### The data

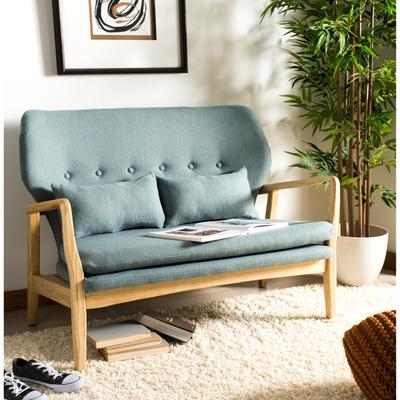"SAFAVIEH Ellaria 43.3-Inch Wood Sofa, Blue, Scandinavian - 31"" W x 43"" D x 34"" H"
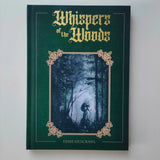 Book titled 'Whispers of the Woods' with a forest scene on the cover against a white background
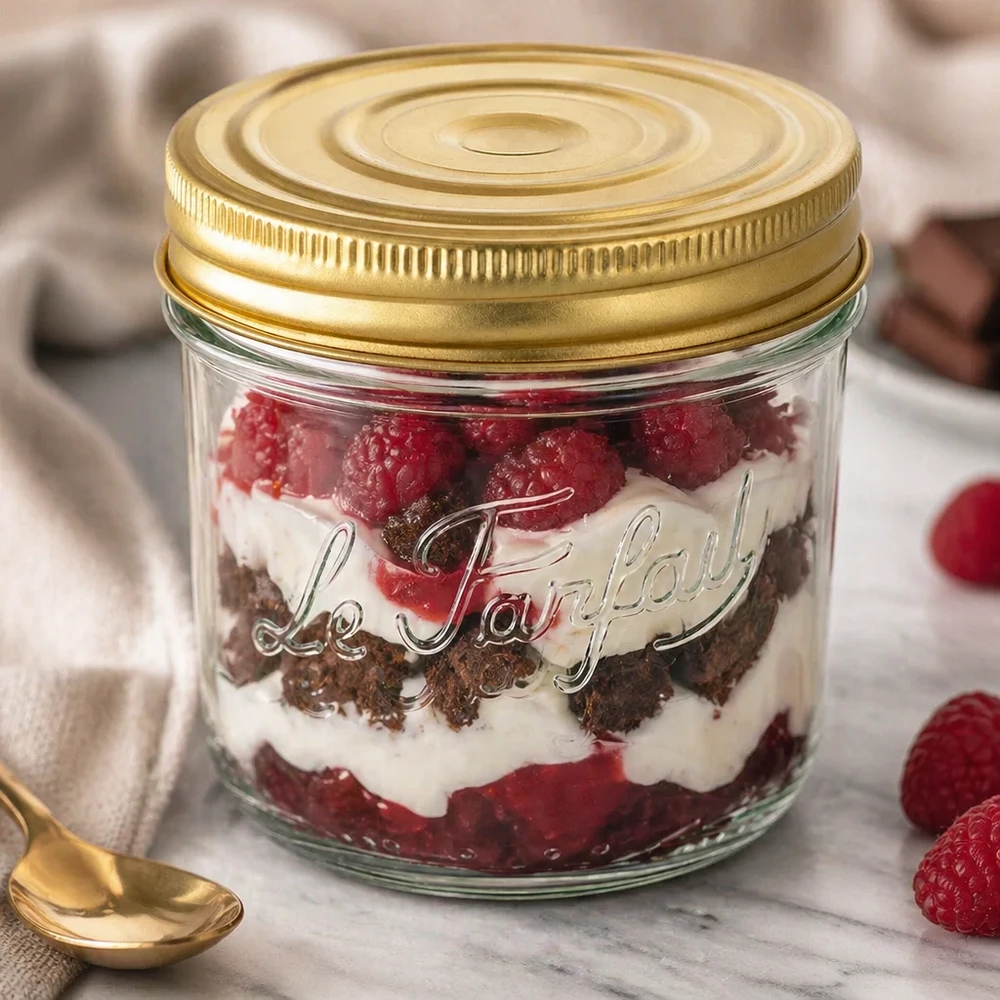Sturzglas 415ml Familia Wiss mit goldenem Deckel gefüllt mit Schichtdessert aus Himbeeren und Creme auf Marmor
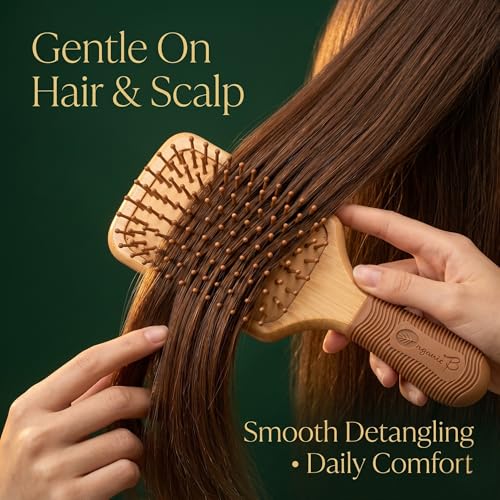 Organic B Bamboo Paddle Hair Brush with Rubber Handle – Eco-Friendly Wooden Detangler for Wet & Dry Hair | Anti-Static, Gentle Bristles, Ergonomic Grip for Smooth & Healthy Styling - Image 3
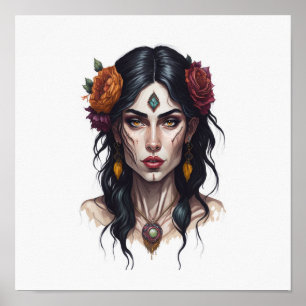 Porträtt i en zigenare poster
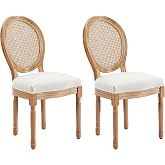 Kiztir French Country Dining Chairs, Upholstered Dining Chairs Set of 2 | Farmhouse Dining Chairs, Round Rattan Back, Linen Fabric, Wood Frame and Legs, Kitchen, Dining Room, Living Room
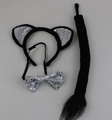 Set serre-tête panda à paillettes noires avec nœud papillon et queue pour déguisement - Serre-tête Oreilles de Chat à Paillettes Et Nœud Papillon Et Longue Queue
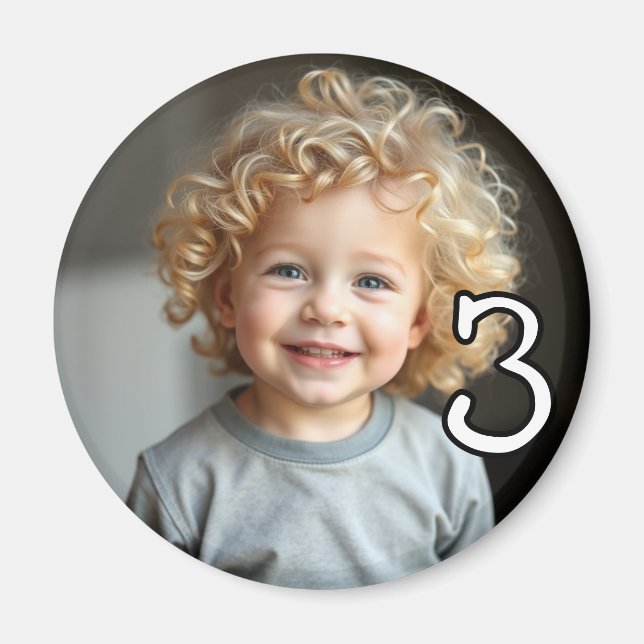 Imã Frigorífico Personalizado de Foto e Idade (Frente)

### Exercise details
Setting the pictures aside, return exactly the lines from the line with "Porträtt i en zigenare poster" through the last line of the listing above.

### Answer to this task
 Porträtt i en zigenare poster
 Kiztir French Country Dining Chairs, Upholstered Dining Chairs Set of 2 | Farmhouse Dining Chairs, Round Rattan Back, Linen Fabric, Wood Frame and Legs, Kitchen, Dining Room, Living Room
 Set serre-tête panda à paillettes noires avec nœud papillon et queue pour déguisement - Serre-tête Oreilles de Chat à Paillettes Et Nœud Papillon Et Longue Queue
 Imã Frigorífico Personalizado de Foto e Idade (Frente)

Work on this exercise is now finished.